Court: Punjab And Haryana High Court

Bench: JUSTICE D.V. Sehgal

Bhagwant Kishore Vs. Sheela Devi On 9 February 1987

Law Point:
Hindu Marriage Act, 1955 — Section 13 (1)(ia), (ib) — Cruelty — Desertion — Code of Civil Procedure, 1908 — Order 6, Rule 17 — Amendment of pleadings — Petition for divorce by appellant pleading desertion and cruelty — Respondent in defence pleaded appellant leading life of drunkenness and debauchery — Petition decreed — F.A.O. filed — Cases remanded back to trial court with the direction to frame issues on the point of alleged adulterous life led by appellant — Petition again decreed — Again appeal by wife — Decree again set aside — Case remanded — Appellant allowed to amend petition to plead specifically instances of cruelty — Petition dismissed — Appeal by husband — Whether the amendment when allowed relates back to the date of petition — Yes.

 

 

JUDGEMENT

 

1. This appeal is directed against the judgment and decree dated 20th February, 1986, passed by the learned Additional District Judge, Hoshiarpur, dismissing the petition for dissolution of marriage by a decree of divorce under Section 13 of the Hindu Marriage Act, 1955 (for short ‘the Act’), filed by the husband-appellant against his wife Sheela Devi respondent.

2. The marriage between the parties was solemnised on 6th June, 1978 at Hoshiarpur. They cohabited and lived together as husband and wife. However, no child was born out of the wedlock. The appellant through the instant petition, which was presented on 25-8-1980, sought dissolution of marriage on the ground that the respondent had deserted him since 16-8-1978. She and her parents had refused to send her to live with him at Hoshiarpur as his wife. He, his parents and close relations had approached her and her parents but without success. He also pleaded that she had been causing mental torture to him by use of abominable language of dislike with regard to him and thus she treated him with cruelty.
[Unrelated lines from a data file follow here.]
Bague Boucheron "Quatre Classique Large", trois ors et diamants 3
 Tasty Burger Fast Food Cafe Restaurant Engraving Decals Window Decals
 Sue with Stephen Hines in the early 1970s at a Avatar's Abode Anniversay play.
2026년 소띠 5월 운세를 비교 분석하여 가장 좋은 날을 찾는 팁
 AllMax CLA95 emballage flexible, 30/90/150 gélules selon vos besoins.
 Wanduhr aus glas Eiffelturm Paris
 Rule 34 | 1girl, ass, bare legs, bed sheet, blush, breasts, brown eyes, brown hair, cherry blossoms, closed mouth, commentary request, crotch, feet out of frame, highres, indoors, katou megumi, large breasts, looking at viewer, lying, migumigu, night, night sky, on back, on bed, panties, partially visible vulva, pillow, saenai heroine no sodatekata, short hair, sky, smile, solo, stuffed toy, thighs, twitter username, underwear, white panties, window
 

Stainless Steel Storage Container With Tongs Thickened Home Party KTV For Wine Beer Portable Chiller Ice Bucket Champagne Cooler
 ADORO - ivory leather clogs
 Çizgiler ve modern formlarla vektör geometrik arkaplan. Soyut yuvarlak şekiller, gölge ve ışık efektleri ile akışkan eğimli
3. The respondent denied the allegations by filing her written statement. She instead asserted that the appellant leads a life of drunkenness and debauchery. He is besides a man of uncertain temperament and would fly into rage in season and out of season without any reason whatsoever. He is lost to all senses of decorum and would use extremely filthy language towards her. In the month of July, 1979 he maltreated her and turned her out of the matrimonial home in her wearing apparels. She, her parents along with other respectable and relatives came to him and requested him to rehabilitate her but he refused to do so.

4. A replication was filed by the appellant wherein, inter alia, it was asserted that the respondent without any foundation cast aspersions on his character, has called him a drunkard and debauch. This by itself amounts to cruelty and he is entitled to grant of decree of divorce on this ground alone.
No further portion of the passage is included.